The bank stores customer data, their personally identifiable data (PII) and is responsible for proper handling of such data with respect to privacy. This document aims to provide rules and guidelines for handling customer PII to prevent data leaks.

The requirements in this document are against the Production environment. It does not discuss how logs should be treated in other environments. The requirements were compiled from SM-451 - Document approach to data privacy Cancelled

Definition of PII

(Source provided by Lukas Civin )

While the internal primary identifiers of some objects, such as customerId, accountId, cardId, etc.. do uniquely identify a specific customer record in the system, they are not considered PII. Such identifiers only group the information together, but without the linked data (which are actual PII) they provide no identifiable information to the world outside of the system.

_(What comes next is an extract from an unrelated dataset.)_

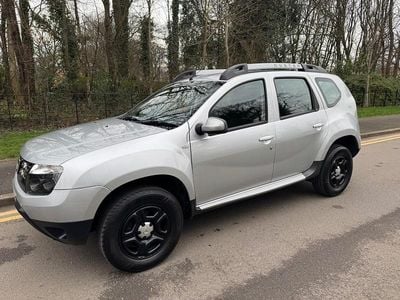 Used Dacia Duster Lauréate 110 HP (80 kW) 2015 Silver SUV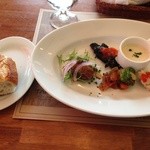 タボーラ タパス - 前菜とパン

Requirements for PII data handling

Logging

No PII data should be exposed via Logs.

The logs pushed by the services should be designed to contain sufficient information to support debugging potential issues and monitor the traffic, but without the possibility of identifying a physical person from the logs.

Storage

Deletion of PII data must be supported. The data of once active customers can be stored up to 5 - 10 years for AML purposes. However, the data of prospect customers is subject to a much stricter period (days TBD Clarify max retention period for prospect customer data). The data of customers (also prospect) has to be deleted after the max retention period.

Kafka

There is no limitation on PII data being published to Kafka in any form, as long as:

  • There is either no manual access to Kafka, or the access is very limited and any such access is properly monitored and logged

  • The 3rd party services either do not connect to Kafka directly, or are exposed a topic which contains only the least amount of data the 3rd party service requires to function.

There is no limitation on internal backend services consuming any Kafka topic.

Database

There is no limitation on PII data being stored in the Databases of microservices, as long as:

  • There is either no manual access to DB, or the access is very limited and any such access is properly monitored and logged

  • No 3rd party service connects to a DB containing PIIs directly.

Exposing data to 3rd party services

PIIs can be exposed to 3rd party services, as long as:

  • the 3rd party service requires that specific PII data point to function properly

  • there are no redundant data in addition to what’s required sent/provided to the 3rd party service

Exposing data to specific roles within the bank

Some roles should have access to PII data (e.g. for fraud investigation or reporting). These roles will access the data either via:

  • Datalake - which will employ filtering on columns containing PII based on the role

  • Backoffice - the frontend application will connect to dedicated endpoints in the respective microservices which filter (or mask) the data available to the backoffice user based on their role.